Capítulo 4

Jessye Squared

Acordo com o sol batendo em minha cara e demoro a me localizar, quando finalmente lembro onde estou quase tenho um ataque cardíaco por ver que havia dormido mais do que o necessário. 

Levanto correndo e fuço na única bolsa que não havia sido mexida por sabe Deus quem, buscando minha escova de dente, pentes e acessórios para os meus cabelos. Minhas demais roupas estavam no closet e confesso que fiquei surpresa ao ver que nenhuma delas de fato eram minhas, afinal estavam todas novas. 

Se isso foi obra da minha mãe, tenho certeza que sim, ela resolveu repaginar meu guarda roupa com uma coleção mais adulta, não que eu estivesse reclamando já que amo moda e amo me vestir bem, mas tinha algumas peças íntimas realmente interessantes e assustadoras, sem contar meus pijamas que um pouco mais sensuais me obrigariam a dormir de calça jeans e camiseta. 

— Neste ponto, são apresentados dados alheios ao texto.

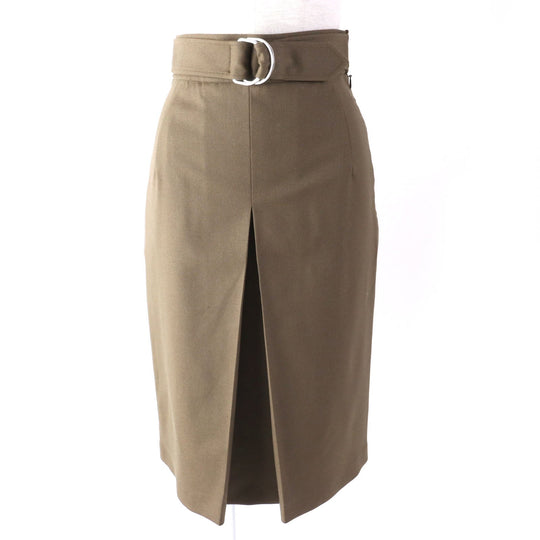 HERMES skirt 2H304DN Outer: 98% wool, Outer: 2% polyurethane, Lining: 65% rayon, Lining: 35% silk khaki Women 34 Used Authentic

Jogo uma água no rosto depois de escovar os dentes e acabo deixando minha escova junto a dele no potinho. Tenho vontade de rir, por lembrar de cenas de filmes como essas, onde a mulher deixa intencionalmente os pertences na casa do namorado para indicar um relacionamento mais sério. No meu caso era meio que uma obrigação, iria morar ali para o resto da minha vida e não tinha muito o que fazer ou me acostumava com aquela ideia ou me obrigava a me acostumar, então não vamos criar alardes com isso. 

Saio do banheiro para me trocar e coloco um vestido mais soltinho e rasteirinhas, ficaria em casa, sem nada para fazer enquanto não conhecia a localidade, na realidade nem sabia se poderia sair sem um segurança. Apesar de não ser conhecida por aqui meu rosto e o do senhor encrenca está estampado em vários jornais e revistas. 

Acabo rindo sozinha pelo apelido que dei a ele a algum tempo atrás. 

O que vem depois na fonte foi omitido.